[EM] Proportional election method needed for the Czech Green party - Council elections

Abd ul-Rahman Lomax abd at lomaxdesign.com
Tue Apr 27 11:22:46 PDT 2010


At 10:36 PM 4/26/2010, Andrew Myers wrote:
>On 7/22/64 2:59 PM, Abd ul-Rahman Lomax wrote:
>>Asset doesn't resemble what the Soviets had in the least.... There is
>>no "party" control, parties become unnecessary with Asset.
>Abd,
>
>The phrase "parties become unnecessary" is redolent of utopian idealism.

Redolent. Nice word. Where can I buy some redolence?

>  Parties will exist.

Sure. In FA/DP I call them "caucuses." The problem with present 
parties is that they are too difficult to create, so FA/DP makes them 
trivial to create. When they are hard to create, they develop their 
own inertia, it becomes "my way or the highway." It's easy to say 
that one could just found another party, "if you're so smart," but 
what if one has just spent years of one's life developing a party, 
and it is taken over by a faction that is highly motivated and highly 
biased, maybe even corrupt?

Look, I've seen it happen with really great nonprofit organizations; 
the natural oligarchy that develops substitutes its own vision for 
the collective vision, the group loses connection with its roots, and 
eventually it fails or becomes a far less effective "fixture" of the 
political environment.

>  Or do you think somehow asset voting is going to prevent 
> concentrations of power, despite the "iron law of oligarchy" you 
> are fond of quoting?

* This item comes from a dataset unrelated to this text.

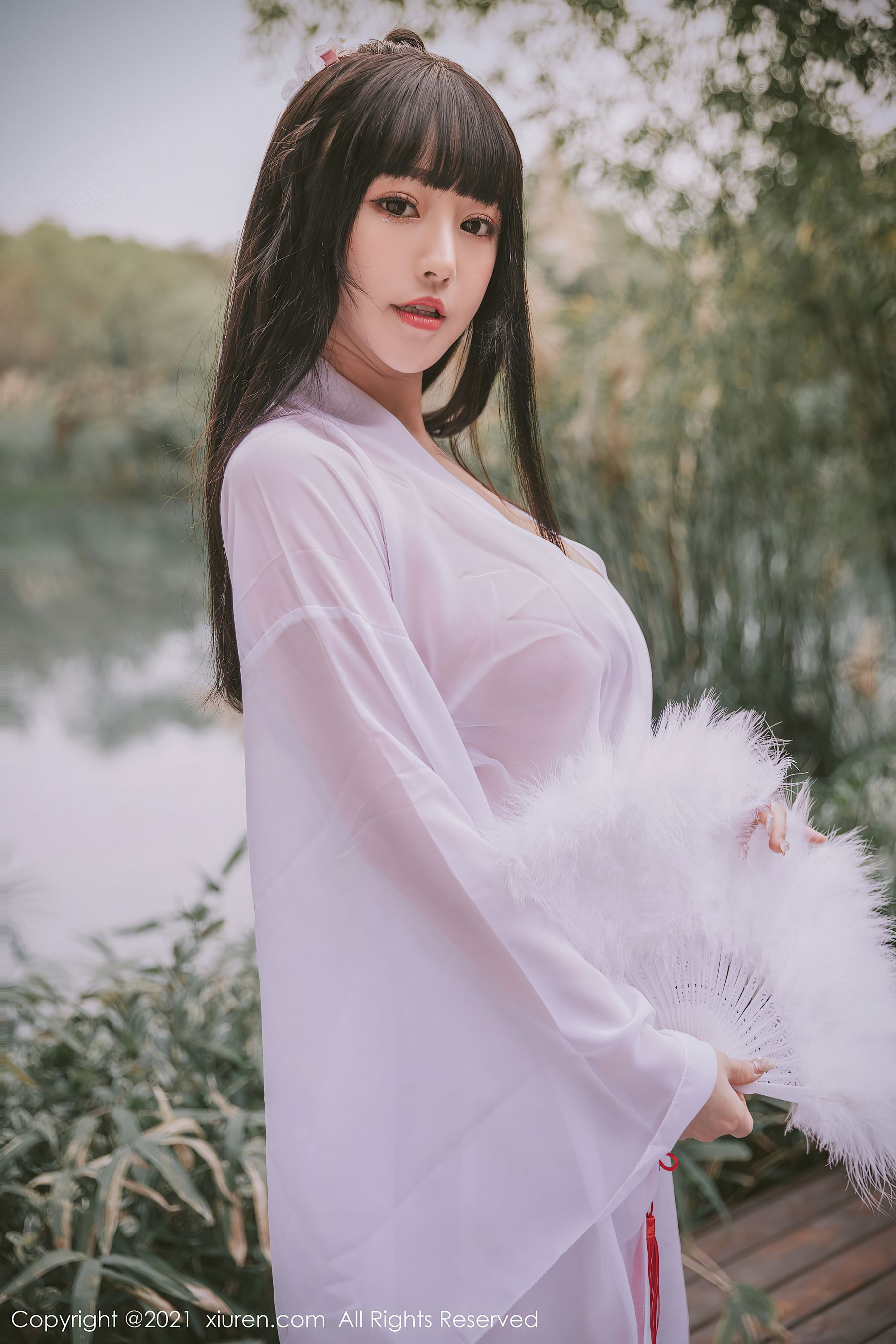 No.3749 朱可儿Flower-图9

Or there will be concentrations of power, but 
> they virtuously will not engage in the give-and-take on the issues 
> that at least some asset voting proponents have argued is a positive feature?

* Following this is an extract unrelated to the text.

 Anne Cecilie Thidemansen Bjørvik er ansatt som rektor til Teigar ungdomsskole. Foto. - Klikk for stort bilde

Will not engage in give-and-take? Where does this idea come from? 
However, note: I'm not proposing Asset Voting as a utopian solution, 
but merely as a possible solution to a basic problem in democracy: 
how to create a fully representative assembly. It's possible to do it 
through a party system, but party systems create a serious kind of 
inertia that causes them to become unrepresentative. They end up 
representing party interests rather than the interests of the members.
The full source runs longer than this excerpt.